Your income is heavily variable (RVU, 1099, partnership distributions). Some bank portfolio jumbo programs price variable-income files better than their own physician program — odd, but real. Worth quoting both within the same bank.

You want a 7/6 or 10/6 ARM at a price that beats the physician product. The non-bank conventional jumbo ARM market is currently aggressive on rate and origination credits, particularly above $1.5M. For a buyer with high short-term move/refi confidence, that comparison is worth running.

The RAP risk that hits jumbo files hardest

The new Repayment Assistance Plan (RAP) becomes the sole IDR option for new federal Direct Loan borrowers on July 1, 2026 and an additional option for current borrowers. Under RAP, payments are 1%–10% of total AGI, with no payment cap — meaning that for a two-physician household at $600K AGI, the projected RAP payment can run $5,000+/month, an order of magnitude above many current PAYE or SAVE-era payments.

Physician-loan banks have begun pre-underwriting projected RAP payments for borrowers likely to be on RAP at closing. On a $450K file, this often moves DTI but does not break approval. On a $1.8M file already running DTI near the program ceiling, a $4,000/month projected RAP payment can move qualifying purchase price down by $200K–$300K — and that math doesn't show up until late in underwriting.

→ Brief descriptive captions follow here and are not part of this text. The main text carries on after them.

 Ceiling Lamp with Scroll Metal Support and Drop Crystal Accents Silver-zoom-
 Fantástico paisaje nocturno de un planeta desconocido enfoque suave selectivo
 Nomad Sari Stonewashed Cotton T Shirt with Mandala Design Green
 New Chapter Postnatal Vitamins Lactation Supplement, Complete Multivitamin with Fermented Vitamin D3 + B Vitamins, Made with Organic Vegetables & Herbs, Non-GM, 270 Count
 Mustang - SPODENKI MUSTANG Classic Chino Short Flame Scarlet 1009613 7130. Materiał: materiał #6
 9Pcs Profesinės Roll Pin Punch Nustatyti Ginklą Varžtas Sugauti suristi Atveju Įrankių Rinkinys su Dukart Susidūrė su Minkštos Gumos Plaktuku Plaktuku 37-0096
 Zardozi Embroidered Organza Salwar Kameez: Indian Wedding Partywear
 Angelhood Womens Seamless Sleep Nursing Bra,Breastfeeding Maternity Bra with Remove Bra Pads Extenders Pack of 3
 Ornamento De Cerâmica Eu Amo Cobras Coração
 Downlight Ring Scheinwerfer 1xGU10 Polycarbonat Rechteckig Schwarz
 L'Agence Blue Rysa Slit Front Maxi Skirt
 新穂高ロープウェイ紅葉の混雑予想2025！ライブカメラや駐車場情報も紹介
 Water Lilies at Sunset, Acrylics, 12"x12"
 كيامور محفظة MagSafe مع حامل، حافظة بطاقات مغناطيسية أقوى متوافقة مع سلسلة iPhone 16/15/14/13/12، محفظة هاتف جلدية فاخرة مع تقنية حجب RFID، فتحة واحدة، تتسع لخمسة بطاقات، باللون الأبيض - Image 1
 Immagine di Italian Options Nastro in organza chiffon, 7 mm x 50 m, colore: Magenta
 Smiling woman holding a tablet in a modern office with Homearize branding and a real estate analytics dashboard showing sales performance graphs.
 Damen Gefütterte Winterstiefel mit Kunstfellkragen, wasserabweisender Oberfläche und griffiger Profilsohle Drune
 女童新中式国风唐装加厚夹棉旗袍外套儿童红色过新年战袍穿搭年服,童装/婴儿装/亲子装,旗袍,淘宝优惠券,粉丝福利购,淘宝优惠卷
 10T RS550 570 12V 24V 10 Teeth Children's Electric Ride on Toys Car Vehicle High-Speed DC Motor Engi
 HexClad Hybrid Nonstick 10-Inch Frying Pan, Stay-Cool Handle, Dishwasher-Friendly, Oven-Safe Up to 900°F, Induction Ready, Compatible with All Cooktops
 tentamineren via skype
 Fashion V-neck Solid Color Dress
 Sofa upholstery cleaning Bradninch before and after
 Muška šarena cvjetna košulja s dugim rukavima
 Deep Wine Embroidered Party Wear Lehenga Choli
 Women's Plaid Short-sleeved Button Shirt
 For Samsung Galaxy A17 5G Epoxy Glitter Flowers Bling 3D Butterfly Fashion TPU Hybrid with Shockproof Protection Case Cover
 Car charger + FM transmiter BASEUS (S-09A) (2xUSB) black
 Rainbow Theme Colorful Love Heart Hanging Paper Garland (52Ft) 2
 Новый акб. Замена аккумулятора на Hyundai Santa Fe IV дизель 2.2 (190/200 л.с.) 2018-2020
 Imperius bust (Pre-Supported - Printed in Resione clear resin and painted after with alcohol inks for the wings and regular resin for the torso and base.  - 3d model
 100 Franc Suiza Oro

If you are buying a jumbo physician file in the next 90 days and have federal student loans, get the IDR-vs.-RAP treatment in writing from the lender at pre-approval — not at clear-to-close.

A six-question shopping playbook for spring 2026

Use these in writing with every lender you quote. The first three sort the ladder; the last three sort the lender.

  1. At my purchase price and down payment, exactly which rung of your physician-mortgage tier am I on? Get the down payment, FICO floor, reserve months, and any rate add-on for that rung in writing.
  2. What is your true ceiling on the physician program? Some programs advertise $3M but rarely close above $2.25M without private-bank overlay. Ask for the highest 2026 close.
  3. At my balance, where does your bank's conventional or non-bank jumbo beat your physician product on all-in 5-year and 10-year cost? This is the question that produces the only honest cross-product comparison.
  4. How will my student loans be qualified — IDR, RAP, or fully-amortized — and what changes if I close after July 1?
  5. Reserves: which assets count, at what haircut? Brokerage usually 70%, retirement 60% or zero, crypto typically zero, business and gift funds usually excluded.
  6. What is your concentration / pull-back risk on this product? Portfolio lenders can re-price or suspend the program mid-pipeline; ask for the bank's policy on locked files in that scenario.

Bottom line

At $1M+, the physician mortgage stops being a single product and becomes a ladder. The standard "0% down, no PMI" pitch is largely a story about the bottom rung. The middle and top rungs — where a lot of dual-physician households and high-cost-metro buyers actually live — require a different mental model: tiered down payments, stepped-up reserves, RAP-aware underwriting, and a serious comparison against conventional and non-bank jumbo alternatives.

The product still wins for most buyers in this range. But it wins by a narrower margin, and the cost of choosing the wrong lender or wrong rung is much higher than it is on a $450K file. Get the ladder in writing, run the RAP scenario explicitly, and quote at least three lenders before you write the offer.


MedPharmaConnect is an educational resource, not a lender. Always verify specific terms, rates, and eligibility with licensed mortgage professionals.